Material provided
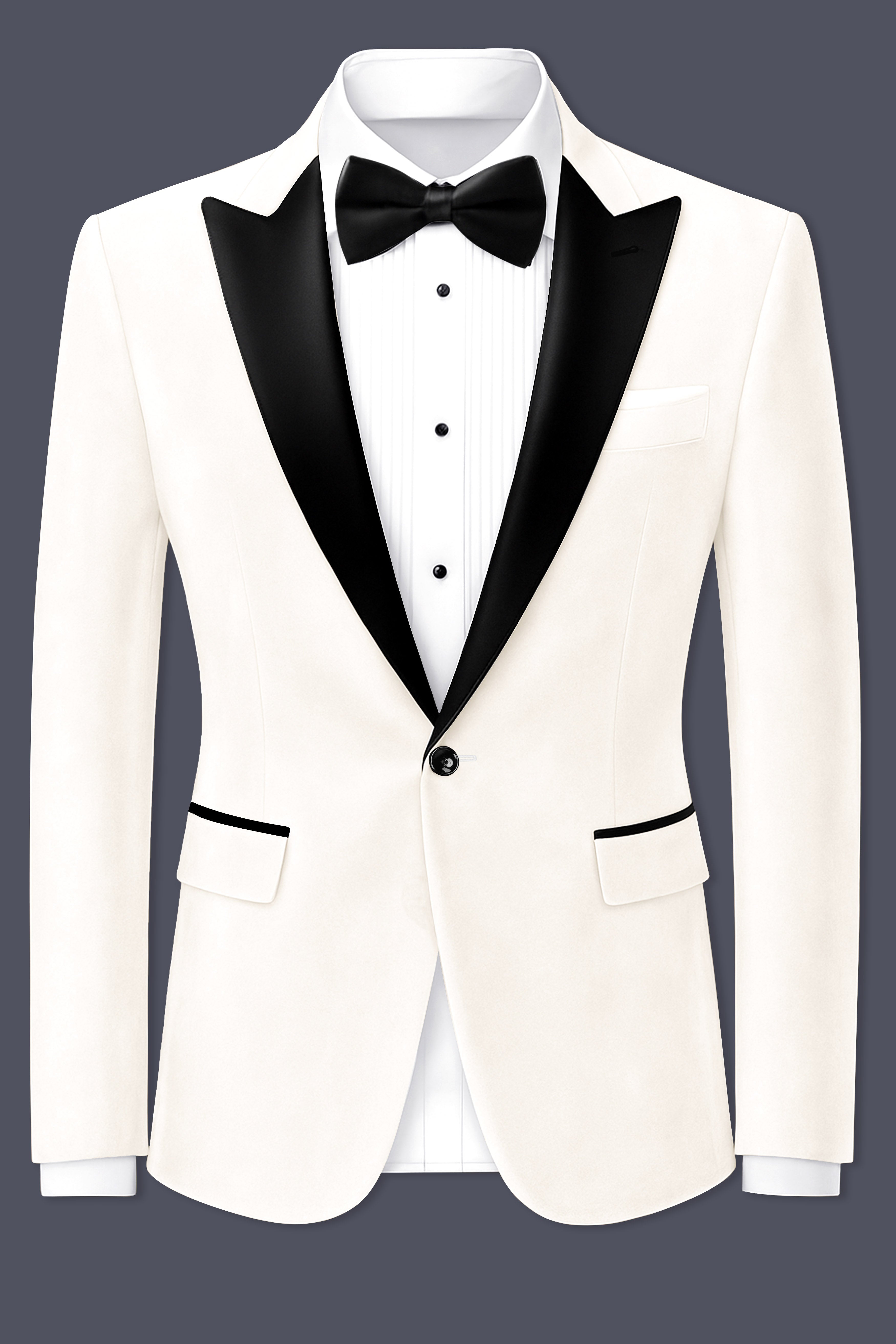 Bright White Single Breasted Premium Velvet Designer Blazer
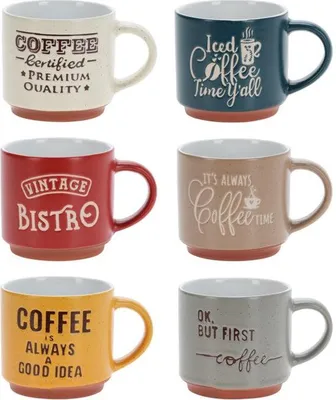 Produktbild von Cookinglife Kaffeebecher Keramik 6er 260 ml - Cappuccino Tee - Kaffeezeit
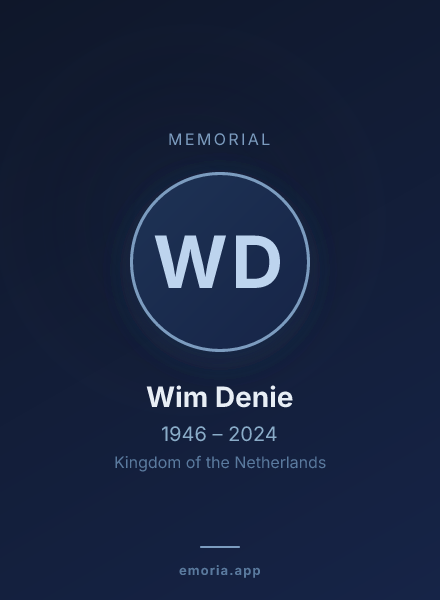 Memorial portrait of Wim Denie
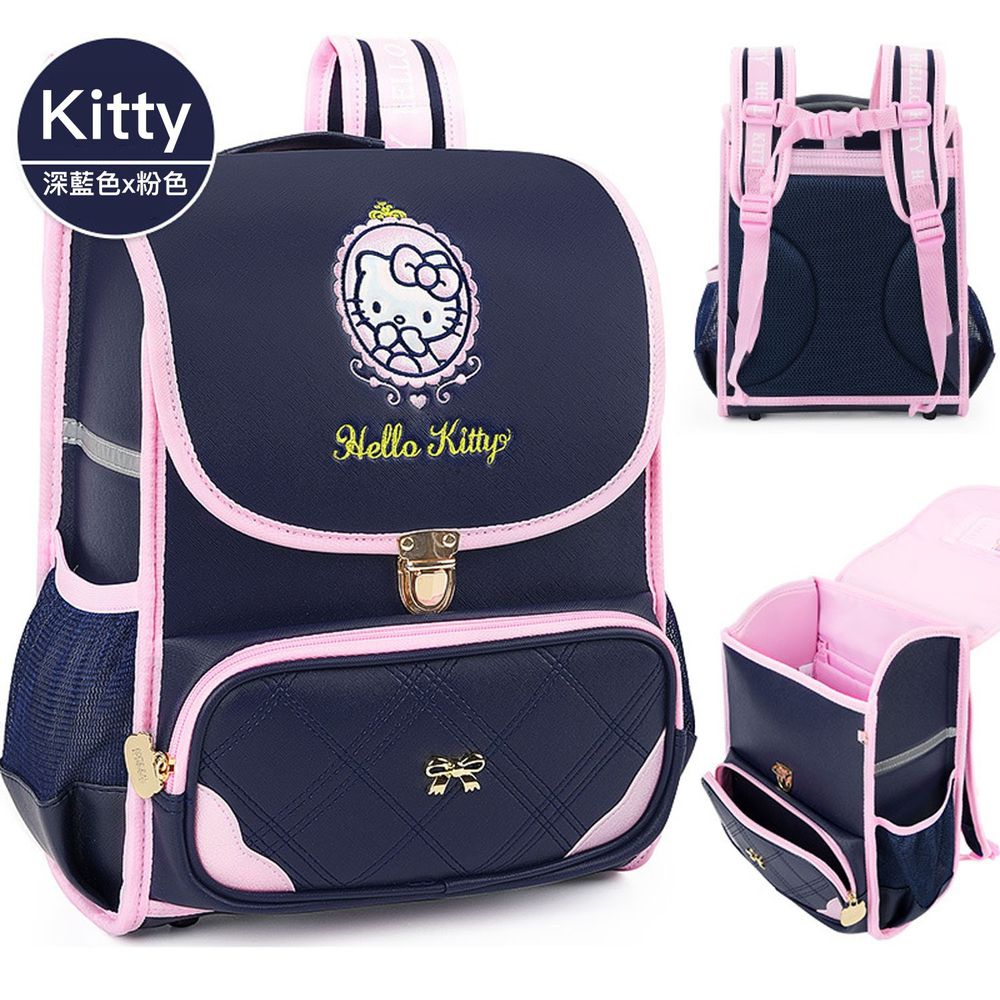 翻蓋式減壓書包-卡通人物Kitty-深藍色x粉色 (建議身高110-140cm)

How to complete this task
Give the lines from the one containing "Produktbild von Cookinglife" through the final line of the material again, exactly and in full, but without pictures.

Written answer
 Produktbild von Cookinglife Kaffeebecher Keramik 6er 260 ml - Cappuccino Tee - Kaffeezeit
 Memorial portrait of Wim Denie
 翻蓋式減壓書包-卡通人物Kitty-深藍色x粉色 (建議身高110-140cm)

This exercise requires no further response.